Analysis - Will falling commodities mean lower grocery bills?
(Reuters) - Grain prices are near their lowest in a year and global stockpiles are on the rise -- so meat, dairy and pasta prices are poised for a fall, right?
Not so fast. Food companies from Coca-Cola to General Mills Inc to Sara Lee Corp, which fought hard to push through price increases earlier this year, are unlikely to give them all back right away.
Beyond the practicalities that typically delay the pass-through impact of commodity costs through food producers, the fact is that companies are still in the process of recovering the profit margins they lost when prices spiked to record highs earlier this year.
And even with U.S. consumers fretting over recession, they tend to get used to higher prices over time, giving companies the confidence to maintain margin rather than grab for share.

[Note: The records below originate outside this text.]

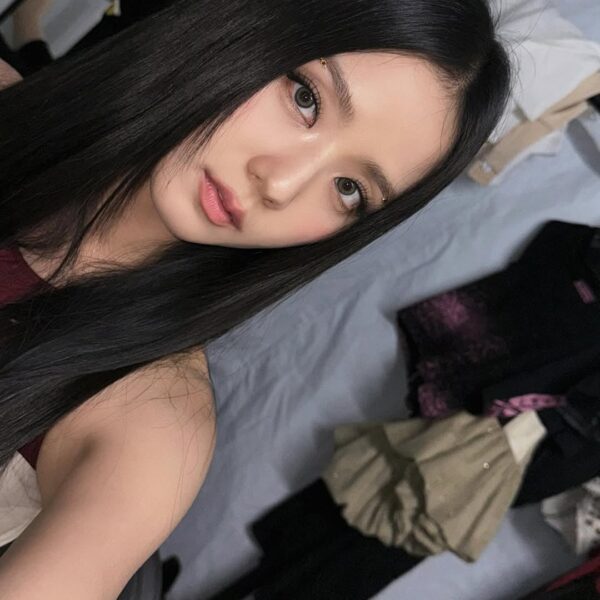 250822 Jisoo IG Update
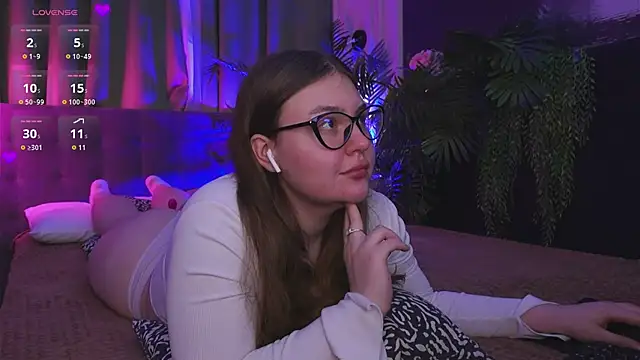 Mia  Peach online show from 12.05.24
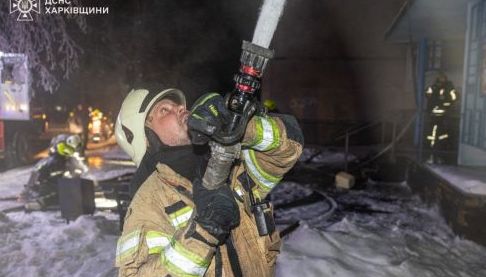 Пожежа у Харкові: загиблося життя, але багато людей збережено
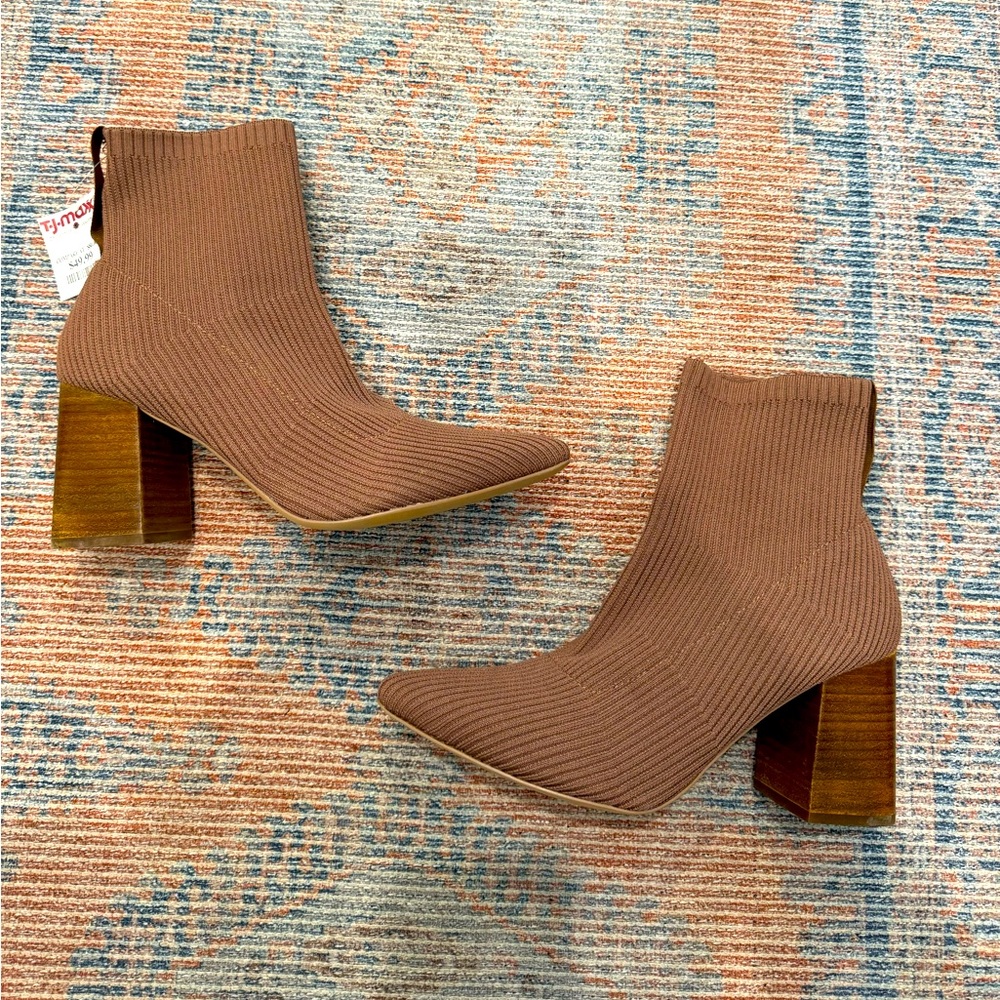 NWT Mauve Heeled Glove Boots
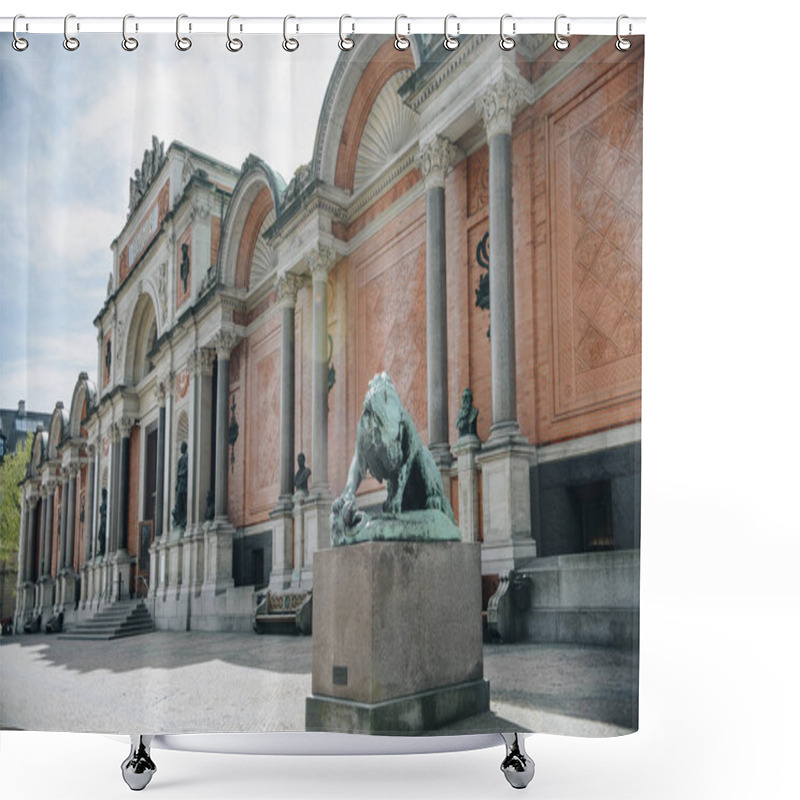 Personality  Glyptotek Shower Curtains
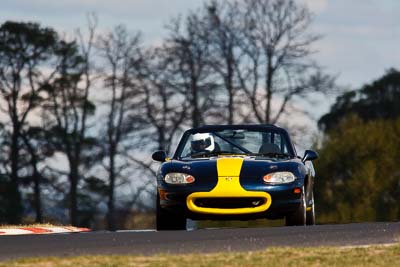 290;1998-Mazda-MX‒5;2-April-2010;Australia;Bathurst;FOSC;Festival-of-Sporting-Cars;Marque-Sports;Mazda-MX‒5;Mazda-MX5;Mazda-Miata;Mt-Panorama;NSW;New-South-Wales;Tim-Brown;auto;motorsport;racing;super-telephoto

PepsiCo Inc said last week that consumers did not cut back on its Frito-Lay products as much the company expected when it raised prices on a host of items this summer, and that it planned more increases in coming weeks.
"The reality is if you've taken price and you've made it stick ... it's not something you necessarily have to react to immediately," Ken Harris of Kantar Retail Americas Consulting said about the easing of commodity prices.
That means it will likely take months of lower commodity prices before most companies cut retail prices, if they do at all, which could provide some padding for corporate earnings.
"Prices go up like a rocket and drop like a feather,' said Sterling Smith, an analyst at Country Hedging in St. Paul, Minnesota. "Hedges will have to roll off and prices will need to show some signs of stability before companies will start to lower prices on the shelves."
For a graphic showing how food prices compare to producers' costs and commodity costs, see: link.reuters.com/juq44s
A HISTORY LESSON
Part of the reason it will take time for prices to come down is practical: makers of packaged food and drinks often use forward purchasing and hedging techniques to protect against volatility, meaning they won't actually pay lower prices until those hedges expire.
Corn futures surged nearly 150 percent to a record of about $8 per bushel this summer from their lows the prior summer, as supplies dwindled amid growing global demand for meat and the use of corn in U.S. ethanol production.
Yet in September, corn prices slid 22 percent, their biggest monthly decline in 15 years, as U.S. farmers began to harvest their crop while the debt crisis deepened in Europe.
As costs begin to subside, companies must consider whether lowering prices would help them win back customers, who might feel emboldened to spend more freely if they had money left over after buying their basics.
"The most interesting question for packaged food stocks is: 'Is there a wealth effect within food spending?'," said Janney Capital Markets analyst Jonathan Feeney.
Since the beginning of 2010, the food and drink component of the U.S. Bureau of Labour Statistics' Consumer Price Index is up about 4 percent, while the Producer Price Index, which measures costs for manufacturers, has gained about 7 percent.
But that has not been as destructive to margins as it may seem. Feeney said that in general for food companies, a 1 percent rise in retail prices would offset a roughly 5 percent to 7 percent rise in commodity cost pressure.
When a company raises the price on a product, some consumers stop buying. Still, most brands are willing to forsake some sales to protect margins, but sometimes they will end up having to spend money to fund special promotions -- such as buy one, get one free -- that effectively relower the price.
For the four weeks ended October 1, U.S. packaged food prices were 7.1 percent higher than a year ago, and sales volume was 4.1 percent lower, according to Bernstein Research analyst Alexia Howard, who cited data from Nielsen.
But Nielsen currently does not track Wal-Mart, the biggest food retailer, whose approach could yet turn the trend on its head.
WAL-MART X FACTOR?
Unlike oil prices, which filter into the economy quickly via gasoline prices, crop-commodity prices have a delayed effect.
But one wild-card that could speed up any decline in retail prices is Wal-Mart Stores Inc. The retailer said last week that it planned to significantly reduce operating expenses over the next five years, and use the extra cash to invest in price decreases that can help it gain share on rivals.
Edward Jones analyst Jack Russo said that between the pressure from Wal-Mart and consumers in general, "the days of raising prices are going to be over" next year.
Retail prices are unlikely to keep going up, but they are also unlikely to come down across the board, Russo and others said, except for categories that are very competitive or have a large private-label penetration, such as bread or milk.
Earnings could get a lift if commodity costs stay lowered, but given the strength of food stocks over the past few years, because of their relative stability, Russo doesn't think the sector will rise much further.
The Standard & Poor's packaged food index has gained 14 percent this year and 39 percent since August 2009, or the earlier days of the economic recovery. The wider S&P 500 is down 3.7 percent this year.
"Probably a lot of the easy money has perhaps been made, and now it's just going to be what companies can put up the best numbers," Russo said. He likes shares of General Mills for their good brands and dividend, and shares of Campbell Soup for the possibility of a turnaround under new management.